Required work: After locating the line that contains "Letecký pohled na" in the data below, set down exactly that line and each one after it through the line that contains "Fall-Winter 2000", and nothing more.

Information supplied:
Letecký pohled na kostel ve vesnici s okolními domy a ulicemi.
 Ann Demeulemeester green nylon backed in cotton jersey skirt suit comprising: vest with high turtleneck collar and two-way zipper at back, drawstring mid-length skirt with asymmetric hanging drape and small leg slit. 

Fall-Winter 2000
==
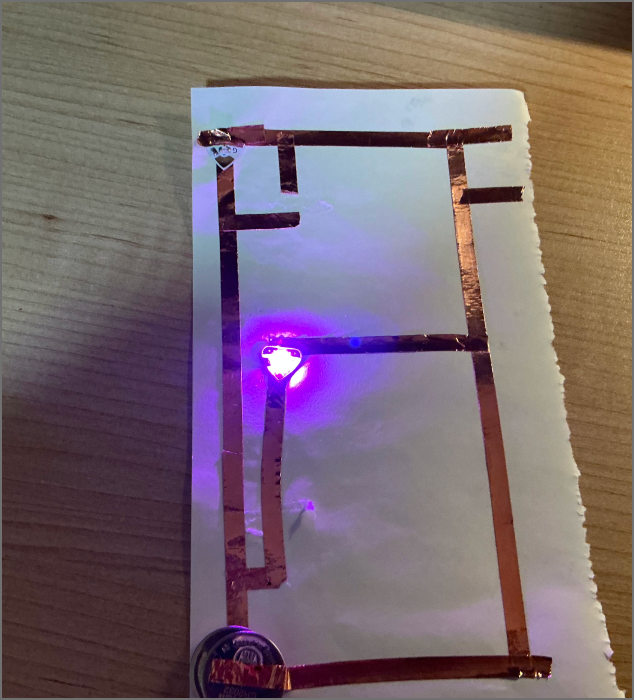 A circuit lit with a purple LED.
...
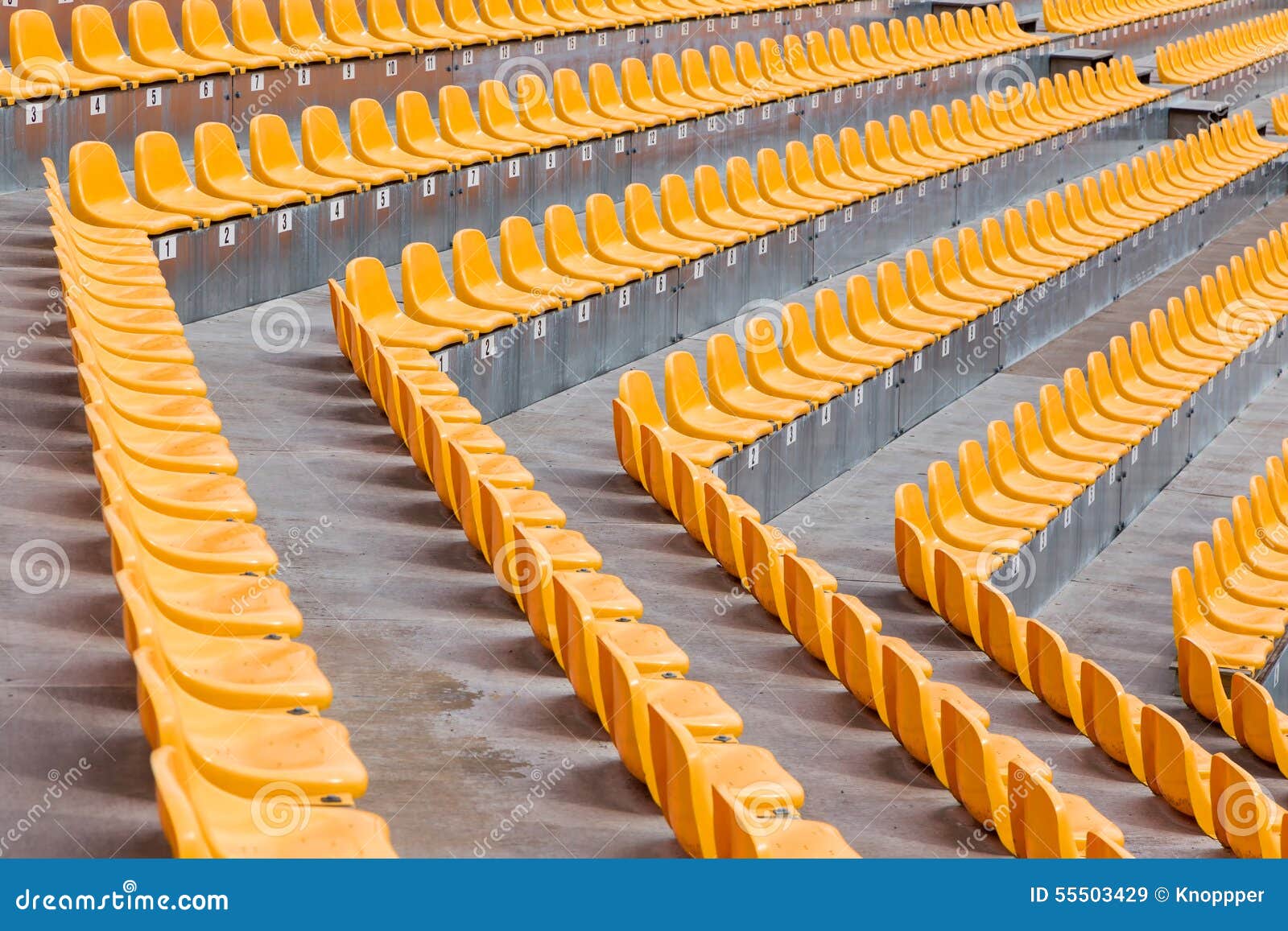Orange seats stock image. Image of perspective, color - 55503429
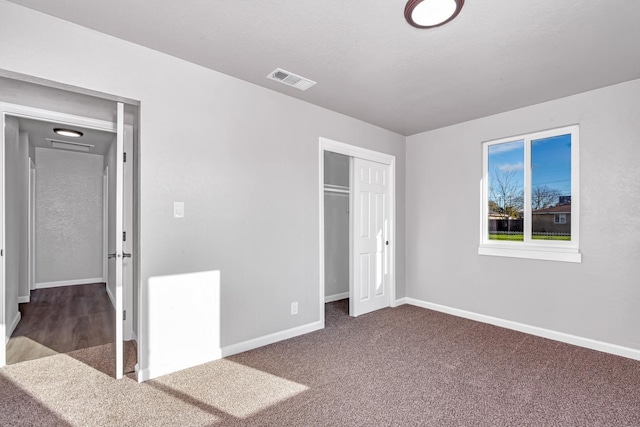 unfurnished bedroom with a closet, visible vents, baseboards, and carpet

Task result:
Letecký pohled na kostel ve vesnici s okolními domy a ulicemi.
 Ann Demeulemeester green nylon backed in cotton jersey skirt suit comprising: vest with high turtleneck collar and two-way zipper at back, drawstring mid-length skirt with asymmetric hanging drape and small leg slit. 

Fall-Winter 2000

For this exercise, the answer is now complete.